# What is "low light" for pothos?



## SamuraiSid

Pothos is describes as having a low light requirement. Im currently living in a small basement suite, with one tiny window, and we live in a valley. There is no direct sunlight. I have a floor lamp in the living room that is on when Im awake. Is this enough light for pothos?

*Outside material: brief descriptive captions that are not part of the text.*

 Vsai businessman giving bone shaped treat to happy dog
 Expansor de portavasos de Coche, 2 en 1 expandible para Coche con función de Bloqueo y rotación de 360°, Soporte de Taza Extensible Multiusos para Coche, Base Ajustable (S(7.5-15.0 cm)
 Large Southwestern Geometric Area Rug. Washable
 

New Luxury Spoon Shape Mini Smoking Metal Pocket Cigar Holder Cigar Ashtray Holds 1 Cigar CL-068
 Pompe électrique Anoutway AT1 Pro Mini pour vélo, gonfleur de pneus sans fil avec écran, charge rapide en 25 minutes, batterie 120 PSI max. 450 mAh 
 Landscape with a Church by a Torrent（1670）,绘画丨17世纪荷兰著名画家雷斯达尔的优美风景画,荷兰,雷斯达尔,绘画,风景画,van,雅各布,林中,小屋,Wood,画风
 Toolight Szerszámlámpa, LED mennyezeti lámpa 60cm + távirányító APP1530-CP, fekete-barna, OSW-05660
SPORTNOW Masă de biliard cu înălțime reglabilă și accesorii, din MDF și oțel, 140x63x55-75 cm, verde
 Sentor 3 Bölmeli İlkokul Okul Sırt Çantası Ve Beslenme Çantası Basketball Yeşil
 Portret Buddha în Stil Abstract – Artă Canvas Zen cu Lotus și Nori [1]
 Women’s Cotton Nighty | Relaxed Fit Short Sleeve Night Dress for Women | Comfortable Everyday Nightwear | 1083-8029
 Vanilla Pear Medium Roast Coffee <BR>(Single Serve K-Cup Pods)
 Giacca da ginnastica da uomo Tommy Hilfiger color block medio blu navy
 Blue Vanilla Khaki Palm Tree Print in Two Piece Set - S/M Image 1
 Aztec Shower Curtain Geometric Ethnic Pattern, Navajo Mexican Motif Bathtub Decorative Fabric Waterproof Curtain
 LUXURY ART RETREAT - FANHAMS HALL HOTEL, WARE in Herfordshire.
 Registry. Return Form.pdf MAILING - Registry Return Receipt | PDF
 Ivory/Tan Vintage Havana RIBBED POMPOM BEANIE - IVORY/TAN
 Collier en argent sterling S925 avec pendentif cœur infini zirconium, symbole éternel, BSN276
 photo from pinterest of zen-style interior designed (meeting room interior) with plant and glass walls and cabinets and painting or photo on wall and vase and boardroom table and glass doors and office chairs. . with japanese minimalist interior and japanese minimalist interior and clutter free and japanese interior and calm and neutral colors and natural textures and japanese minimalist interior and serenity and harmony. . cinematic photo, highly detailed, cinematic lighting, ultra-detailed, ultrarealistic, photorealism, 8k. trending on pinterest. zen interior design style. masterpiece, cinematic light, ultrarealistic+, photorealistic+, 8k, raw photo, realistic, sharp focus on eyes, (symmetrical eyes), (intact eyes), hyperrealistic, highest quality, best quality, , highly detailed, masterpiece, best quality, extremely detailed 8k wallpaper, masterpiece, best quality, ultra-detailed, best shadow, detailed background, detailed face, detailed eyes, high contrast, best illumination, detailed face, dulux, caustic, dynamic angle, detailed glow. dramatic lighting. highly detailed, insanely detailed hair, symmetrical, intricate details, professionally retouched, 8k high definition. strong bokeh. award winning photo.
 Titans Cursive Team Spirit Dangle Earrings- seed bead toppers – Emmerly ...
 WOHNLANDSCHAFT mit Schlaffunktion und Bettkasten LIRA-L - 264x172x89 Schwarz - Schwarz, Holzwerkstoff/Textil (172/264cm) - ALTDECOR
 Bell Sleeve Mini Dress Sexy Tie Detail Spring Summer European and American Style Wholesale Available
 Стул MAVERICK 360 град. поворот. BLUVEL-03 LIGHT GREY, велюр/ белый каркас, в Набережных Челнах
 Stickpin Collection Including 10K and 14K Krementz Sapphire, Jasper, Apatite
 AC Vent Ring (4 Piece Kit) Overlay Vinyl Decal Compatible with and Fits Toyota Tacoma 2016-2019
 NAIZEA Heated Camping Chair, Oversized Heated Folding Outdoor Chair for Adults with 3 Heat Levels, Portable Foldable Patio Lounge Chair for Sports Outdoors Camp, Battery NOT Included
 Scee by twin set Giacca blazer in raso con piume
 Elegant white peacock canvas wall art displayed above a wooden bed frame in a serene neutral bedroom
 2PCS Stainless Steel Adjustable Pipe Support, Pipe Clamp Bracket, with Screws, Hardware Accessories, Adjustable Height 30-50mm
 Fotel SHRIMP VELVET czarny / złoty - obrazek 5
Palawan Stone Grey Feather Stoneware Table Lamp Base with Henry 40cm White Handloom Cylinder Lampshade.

Can someone explain exactly what is meant by low light? If I have to, I will buy a special bulb to grow live plants, but Id rather not, as I want to incorporate pothos in my Emp scorp enclosure once I've got the hang of isopods and live plants.

thanks.


----------



## Shrike

SamuraiSid said:


> Pothos is describes as having a low light requirement. Im currently living in a small basement suite, with one tiny window, and we live in a valley. There is no direct sunlight. I have a floor lamp in the living room that is on when Im awake. Is this enough light for pothos?
> 
> Can someone explain exactly what is meant by low light? If I have to, I will buy a special bulb to grow live plants, but Id rather not, as I want to incorporate pothos in my Emp scorp enclosure once I've got the hang of isopods and live plants.
> 
> thanks.


I would describe ideal lighting as bright, indirect light.  I have a Pothos that thrives near a window that receives no direct sunlight, just light filtered through the blinds.


----------



## hamhock 74

I put a pothos clipping in my P. regalis enclosure a week ago, the only light source is overhead room lighting and its doing well so far


----------



## SamuraiSid

Thanks for the hasty reply.

my wife tells me its pretty darn cheap, so Ill be making my attempt and hopefulyl wont kill it.


----------



## Prometheus

Pothos are the only plant my wife can't kill with her black thumb. I have a few in so
e of my enclosures and they receive very little indirect sunlight and a little old fashion bulb light when I enter my T area, and they are growing fine.


----------



## SEB

800 ft candles.


----------



## SamuraiSid

quick question,

i currently have 2 pothos clippings in a cup with 2 inch of water. The nubs that will become roots are submerged. Is that all I have to do to get them to root, or do I have to provide something else? Its only been about a week.


----------



## hamhock 74

That's all I did for mine, I think mine took somewere close to 2 weeks for roots to develop. I can't remember the exact amount of time it took.


----------



## SamuraiSid

thanks very much, hamhock!!!


----------